The Spokane Valley City Council didn’t scratch around proposed changes that would relax restrictions on the number of chickens residents can have on their property.
Instead, at Tuesday night’s meeting, council members were simply briefed and will hear public comments March 8 before deciding whether or not to pass a first reading of an ordinance that could increase the number of clucks in Spokane Valley neighborhoods.
The city’s Planning Commission recently voted unanimously in favor of allowing folks to allow more of the feathered fryers to populate the backyards of Spokane Valley homes. A public hearing earlier this month drew a large crowd, who largely spoke in favor of allowing fowl – which, in turn, would supply their owners with fresh eggs and even fresher lawn fertilizer.
While the number of hens allowed per parcel would depend largely on its size and location in the city, there would be a couple of major caveats: No noisy roosters and wings would have to be clipped so nothing could fly the coop.
Under existing city rules, chickens are only allowed on lots larger than 40,000 square feet. All birds must be kept in the backyard and at least 75 feet away from structures with anyone living in them and 10 feet away from property lines.
According to Christina Janssen, assistant planner, the city’s code-enforcement department receives about one or two complaints a month from folks regarding chickens – mainly about the noise from early-rising roosters.
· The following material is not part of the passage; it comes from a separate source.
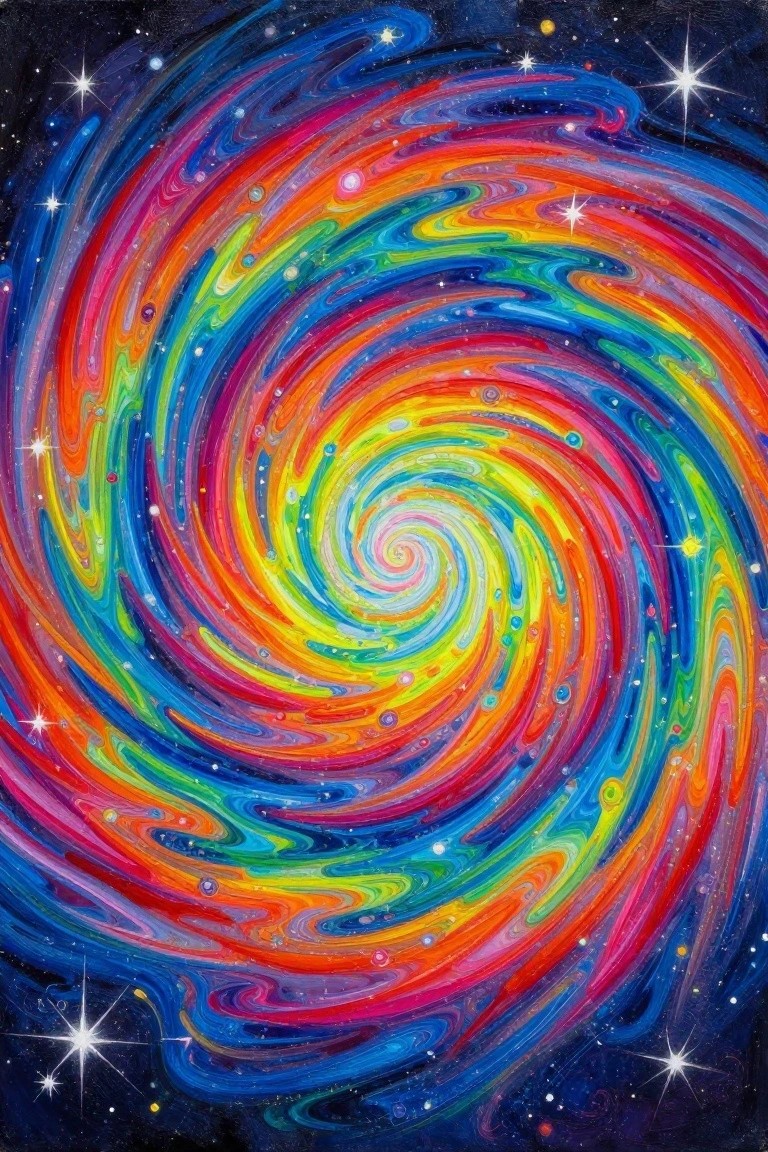 Vibrant rainbow spiral vortex swirling in space with twinkling stars and dots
For that reason, the Planning Commission has recommended the male of the species be banned.
Also under the proposed new rules, one chicken would be allowed per 2,000 square feet of lot area. A maximum of 25 birds would be allowed, and coops or hutches must be kept a minimum of 20 feet from the front property line (meaning no front yards), five feet from the side and rear property lines, and 15 feet from flanking streets. The coops would also have to be kept 25 feet from occupied structures.
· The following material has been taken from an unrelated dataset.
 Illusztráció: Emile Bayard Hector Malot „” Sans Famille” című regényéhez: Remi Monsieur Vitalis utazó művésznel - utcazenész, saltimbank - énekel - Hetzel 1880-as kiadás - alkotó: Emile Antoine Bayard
Also on the March 8 agenda, the council will consider a first reading of an ordinance that’s designed to close a loophole in the city’s adult-retail ordinance. Currently, retail adult-themed businesses (like Castle Superstore) are licensed and regulated significantly less stringently than adult-entertainment venues (like Déjà vu).
Under proposed changes, businesses who specialize in retail sales of adult movies will only be allow to show them free of charge and not having customer-paid viewing areas like adult-entertainment clubs. Recently, however, the Planning Commission proposed even tougher language to the law that any viewing would have to be done on the general sales floor “in full public view” and would have to be limited to only showing promotional film clips, not full movies, for free.
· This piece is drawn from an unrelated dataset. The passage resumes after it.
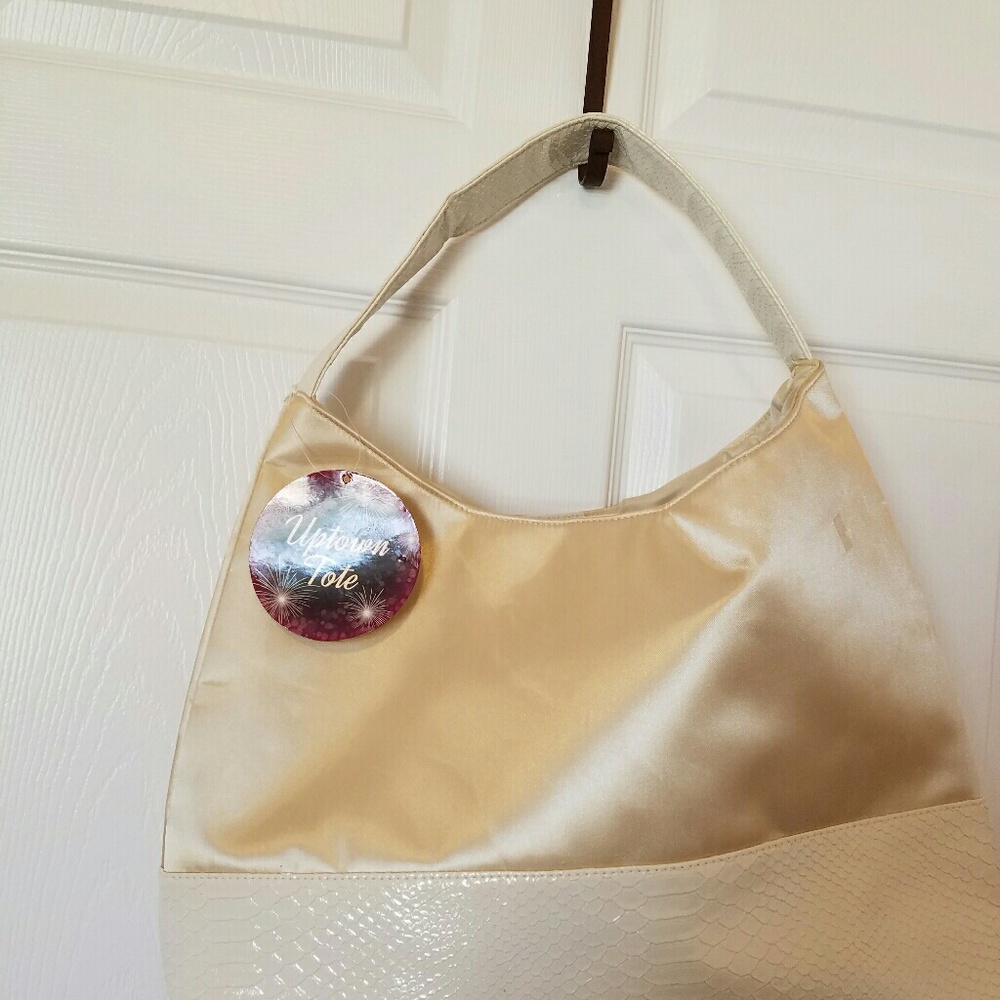 Uptown  Tote Purse Large Shoulder Satin Cream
The idea, according to city staff, is to remove the incentive for the businesses to show the adult footage at all.
Finally, the council unanimously agreed to pass a second reading of an ordinance that would implement fines for those under 18 found in possession of e-cigarettes as well as for stores who sell the products to minors. Both Spokane County and the city of Spokane have approved similar regulations.
The rules are meant to be a stopgap measure until the federal or state government comes up with alternate provisions.